The Holocaust is one of the greatest tragedies of not only the Jewish community in Hungary, but of the history of the whole of Hungarian society, Csaba Latorcai, Deputy State Secretary for Priority Social Affairs at the Prime Minister’s Office said at the commemoration held on Thursday in the former Auschwitz death camp.
Mr Latorcai attended the March of the Living held for the 25th time in Oswiecim in South-East-Poland at the head of a Hungarian delegation of 150. The event is organised on the premises of the former Auschwitz Lager, which was operated by the occupying Nazi Germany, on the occasion of the International Holocaust Remembrance Day. On Thursday morning the Hungarian delegation comprised above all of graduating secondary school and university students and the Presidents of the Jewish Heritage in Hungary Public Endowment (MAZSÖK) and the Federation of Jewish Communities in Hungary (MASZIHISZ) conducted a separate commemoration in tribute to the Hungarian victims of the death camp at the Hungarian barrack No. 18 in Auschwitz.
The memory of the Holocaust which is „one of the greatest tragedies of not only the Jewish community in Hungary, but of the history of the whole of Hungarian society” must be kept alive „so that future generations may not commit the same atrocities, in the light of the past, which have happened once before”, Mr Latorcai said. “By fostering this memory, and introducing the history of the Holocaust in an authentic and balanced manner, we may get closer to the goal: atonement for what happened”, the Deputy State Secretary continued.
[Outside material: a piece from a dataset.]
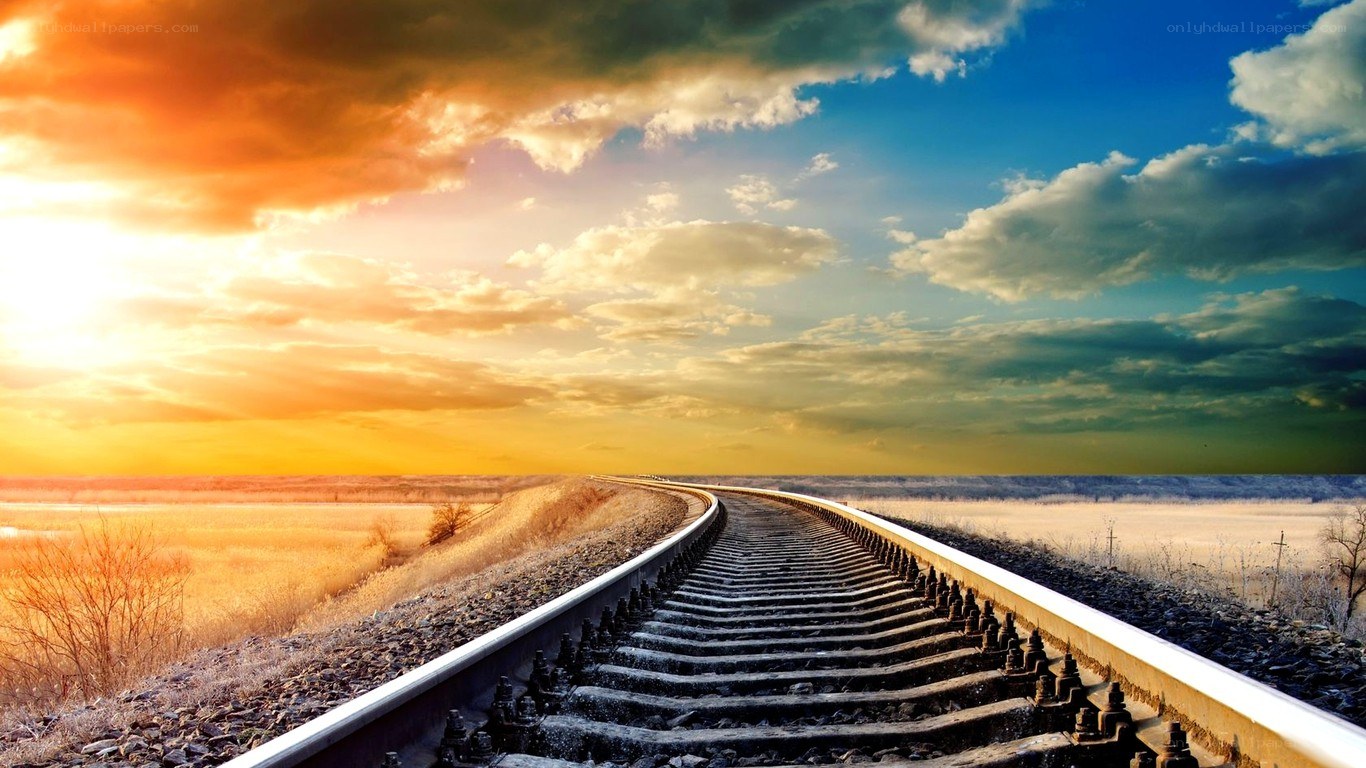Railway track at sunset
As he pointed out, the refurbishment of synagogues in Hungary and the Carpathian Basin and the renovation of abandoned Jewish burial sites form part of the fostering of memories.
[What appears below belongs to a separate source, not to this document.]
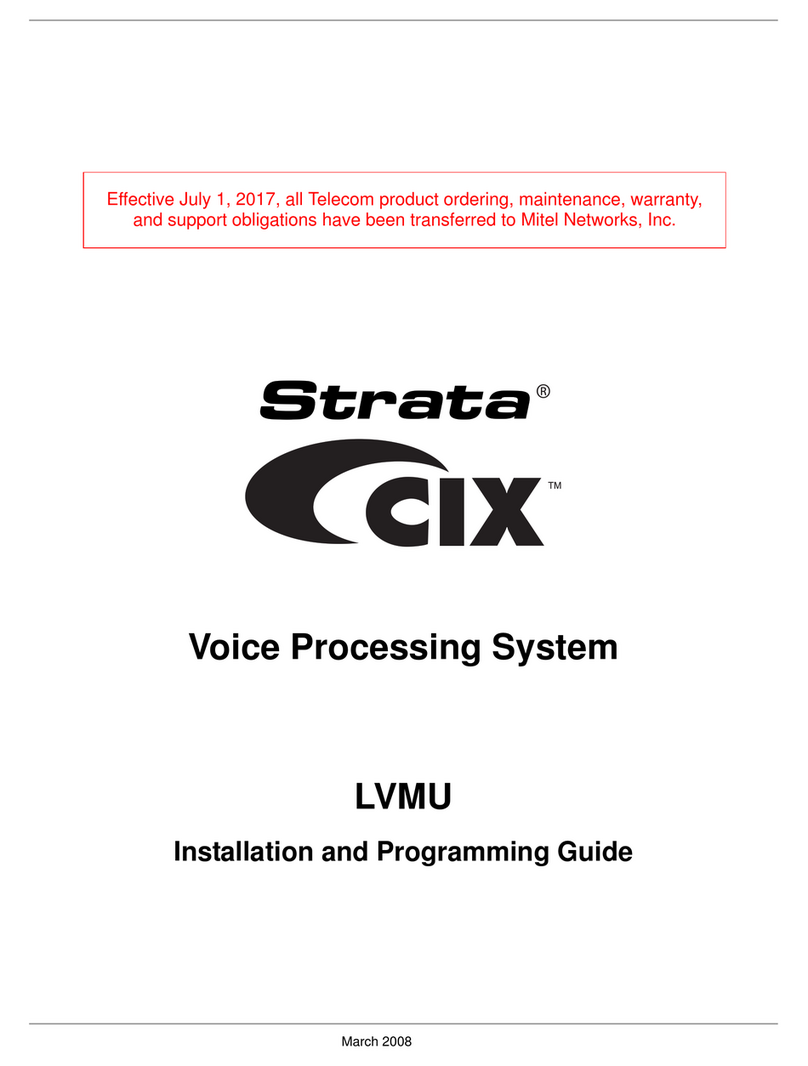 Toshiba Strata CIX LVMU Installation and programming guide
In the afternoon the Hungarian delegation will attend the central commemoration of the March of the Living together with more than 500 other foreign delegations. As part of this, the some eight thousand attendees will cover a three-kilometre walk on one of the routes of the World War II death marches connecting together the Auschwitz I Lager and the Auschwitz-Birkenau extermination camp.
The March of the Living, which forms part of an international educational programme initiated in 1988, is organised on the international Holocaust remembrance day first celebrated in 1951. It was initially held every two years, and has been an annual event since 1996.
Nazi Germany originally established the Auschwitz (Oswiecim) concentration camp for Polish prisoners in 1940. The nearby Birkenau (Brzezinka) lager was set up two years later, and in addition to a number of other camps operated in the territory of occupied Poland, it became the principal site of the extermination of the Jews.
Experts of the Auschwitz museum estimate the number of deportees banished to the camp complex to be around 1.3 million, 1.1 million of whom were Jews, but there were many Polish, Roma and Soviet prisoners of war as well. More than 430,000 Hungarian Jews were deported to the camp: they constituted the most populous group of Jews. According to the data of the Auschwitz museum, 325,000-330,000 of them were killed in gas chambers immediately after their arrival, and some 25,000 perished during the course of later selections. The number of people who were killed or perished in the death camp was minimum 1.1 million.